I didn’t read the dialogue in this book until my second read. I was too busy falling in love with the images and Gipi’s visual storytelling. Gipi’s work is deceptively simple, using relatively few strokes to create distinct and expressive characters.

Notes tells several stories simultaneously. The narrative closest to the surface is about  young men getting involved in a situation that they can’t handle. But this is also a tale about the impact of war on the lives of those who are simply trying to survive in its midst. Gipi shows us a society divided between predators and prey. The people shown in Notes are either the gangs preying upon the cities, the anonymous hustlers thriving on the collapse of the social order, or those who are conspicuous by their absence. After completing Notes, it also seems that there is a narrative lurking in the background that Gipi refuses to tell, opting to only express it through oblique references. One imagines that for an artist less concerned with the fate of wasted youth, the focus of Notes could easily have been Felix, the minor gang boss that acts as a mentor to the three youths. But that is one of Gipi’s strengths. He refuses to tell every aspect of the story, to fill in all of the blanks for the reader.
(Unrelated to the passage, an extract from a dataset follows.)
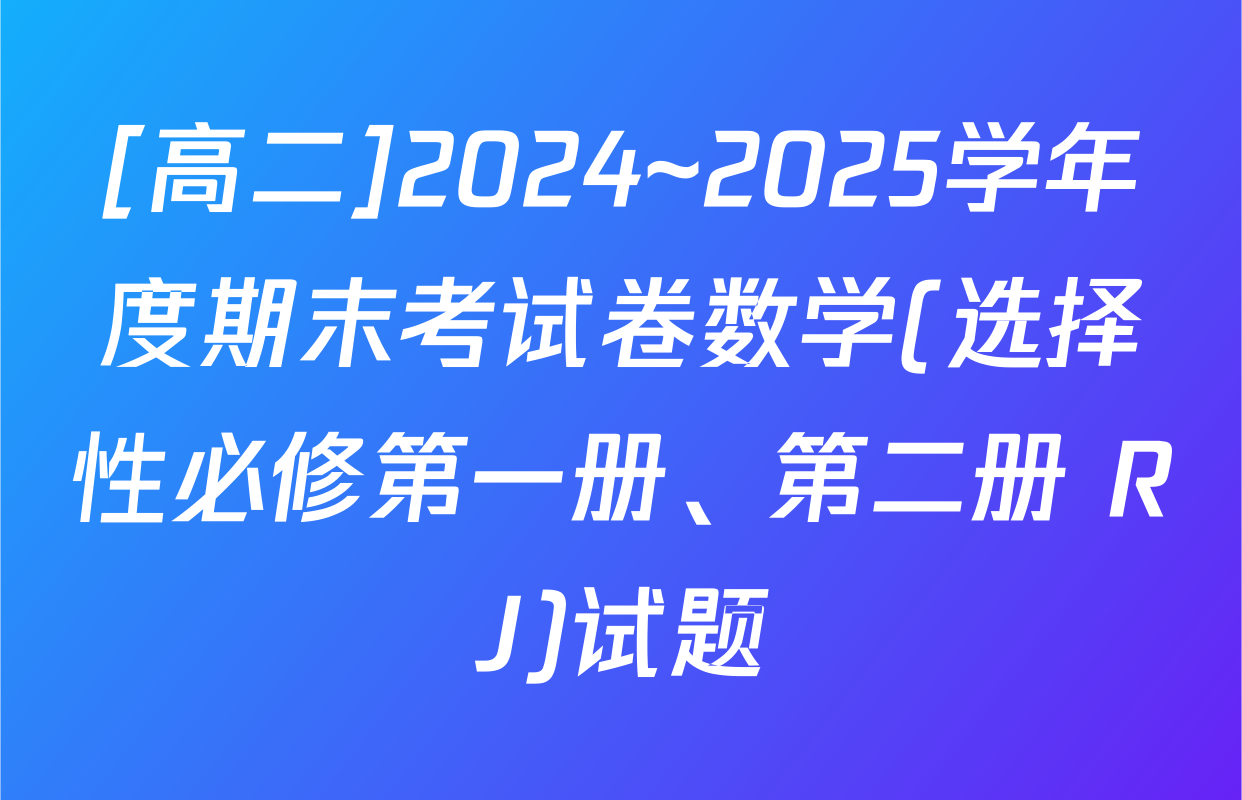 [高二]2024~2025学年度期末考试卷数学(选择性必修第一册、第二册 RJ)试题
The war changes the characters, and provides an opportunity for transformation. For Giuliano, the war provides an excuse for him to abandon his life. His village is severely damaged by the war, and now he is living in a world that he had only experienced through computer games. The question he faces is whether he has the skills to survive in this new world. However, for almost everyone else, the war reveals their true selves. Little Killer starts off as a kid who is trouble, the kind who starts fights, and gets suspended from school.

Killer

One envisions Stefano as the type who is both charismatic and psychotic enough to be a gang leader. But the story reveals Stefano’s hidden nature, his need for guidance, as he becomes, in the end, a willing flunky for Felix. Although Stefano and Giuliano view the other as a polar opposite, Christian is really the antithesis of both. He has neither the options of Giuliano, nor the will of Stefano, and in many ways, his story is the most tragic in this tale. He represents the masses who see conflict as an opportunity to rise above their station, without fully understanding the sacrifices that are necessary to do so. He is the true innocent of this tale, lacking the viciousness of Stefano or the self-awareness of Giuliano.

In the end, Notes is a morality play that centers around three choices that need to be made in the midst of a crumbling society. Should you bind yourself to the old society or ally yourself with the new? Will you ally yourself with the predators or the prey? Should you remain passive or take an active role in the conflict? The first two questions offer the possibility, however slim, that you can change your mind, or at the very least, pretend that no choice was made. Once you are in the front lines of a conflict, there is no turning back.

Giuliano seems to be the only character that sees this. Haunted by nightmares of his friends, who mock him for his status, and by memories of a life unmarked by tragedy, he knows that the choices that he makes limit his future options. For his friends, those limited options are the only ones that they see. In the afterword, Alexis Siegel notes the significance of the dreams in which Stefano and Christian are headless and interchangeable. Siegel links the dreams to Giuliano’s refusal to “stop thinking for himself” as well as his potential for introspection, something that the other two lack. I think it signifies their absence, that on some level, they embraced their fate the moment they left San Donato. Note that in the dream sequence, nothing was left of the two but their clothes and indistinct hands. In some ways, they were already ghosts to him.